The realities, the "givens" of the industry, it seems, have not changed, much less improved, in the two years since I left it. Freddie said it was all a question of "money" (though Channel 7, we understand, should be the last to complain about money these days). Ma-an sounded off with her usual persuasiveness on the problems of independent producers: low ratings, ultimatums from management to reformat or else, inadequate technical facilities, the desirability of government subsidy, the reluctance of advertisers, the need to compromise standards in order to stay on the air.
These were the old complaints and I heard them all long ago, from network executives who sanctimoniously lectured from their plush swivel chairs and from production assistants who sweated it out on all-night stands in studios and editing rooms.
Unfortunately, however much I may sympathize with them, many of the people in the industry will still have to answer for the poor content of local television. Not the form, sometimes not even the format. The content. I can excuse technical incompetence for a time as unavoidable while Filipino technologists take the time to learn their craft or buy their cameras. But I cannot excuse shallow plots and infantile storylines.
It certainly should not cost too much money--and the station's stockholders should not lose much, either--to look for young, new, fresh talents who write well, are less tired and more energetic. My main quarrel, after all, is still with the quality of the stories--rather than the quality of the technology--that are shoved through the TV tubes by writers who should probably be given a long vacation.
Why are our local dramas not only spineless but also stupid? Why can producers not choose for dramatization original storylines that deal with more than soupy and syrupy tales of love and longing? And if we cannot get original storylines, we shall surely not mind adaptations. The great storehouse of world literature exists precisely for us all to enjoy. Why shouldn't local television mine it? Besides, there is Philippine history. Television, if it will only take on the challenge, can make our country's history live and breathe for this generation through dramatizations that will truly touch the minds and hearts of Filipino televiewers.

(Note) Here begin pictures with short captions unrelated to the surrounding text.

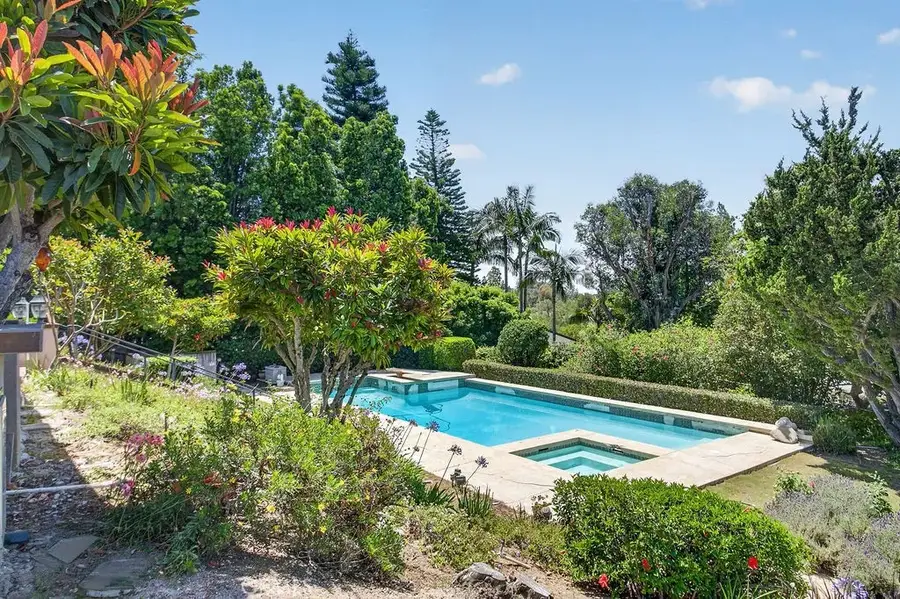 9275 Hidden Valley, Villa Park, CA 92861 - #3
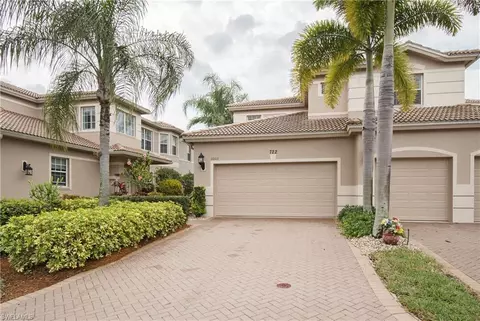 722 Regency Reserve Cir #3003, Naples, FL 34119 photo 1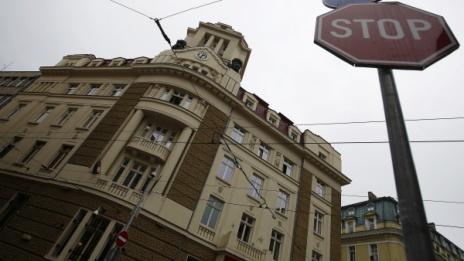 Иск за 234 млн. лв. заради КТБ. Тайна е срещу кого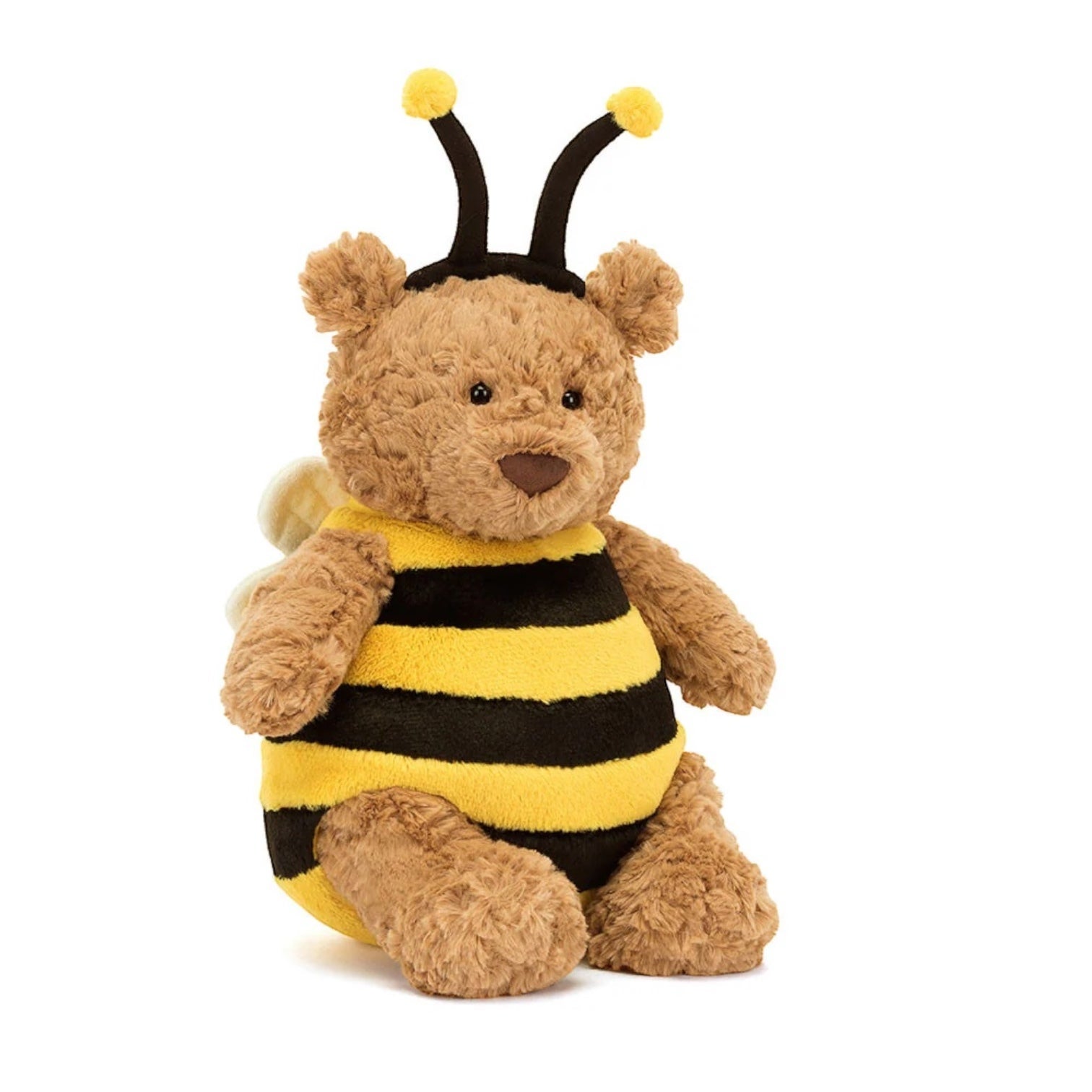 Jellycat Stuffed Animals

To reason out that the mass audience will turn off when presented with a good story is judging the case before it has been tried. The viewers who really wait to watch Nora Aunor will watch Nora Aunor, whether the story is good or bad. So why not give them a good story?
What saddens me particularly is why, if producers like Armida Siguion-Reyna with her Aawitan Kita and Ma-an Hontiveros with her Ms.Ellaneous can apply intense dedication and enormous energies to their productions and come up, week after week, with shows that exhibit intelligent care and concern for the sensibilities of the viewing audience, we cannot seem to expect the same from all other producers who make a living from television. If the Palanca Memorial Awards Theater and Fort Santiago can decide to risk oblivion by coming up with a creditable monthly rather than pull in the gravy with a bad weekly, why should network managers not demand that all local dramatic productions exhibit at least narrative strength, or not be exhibited at all?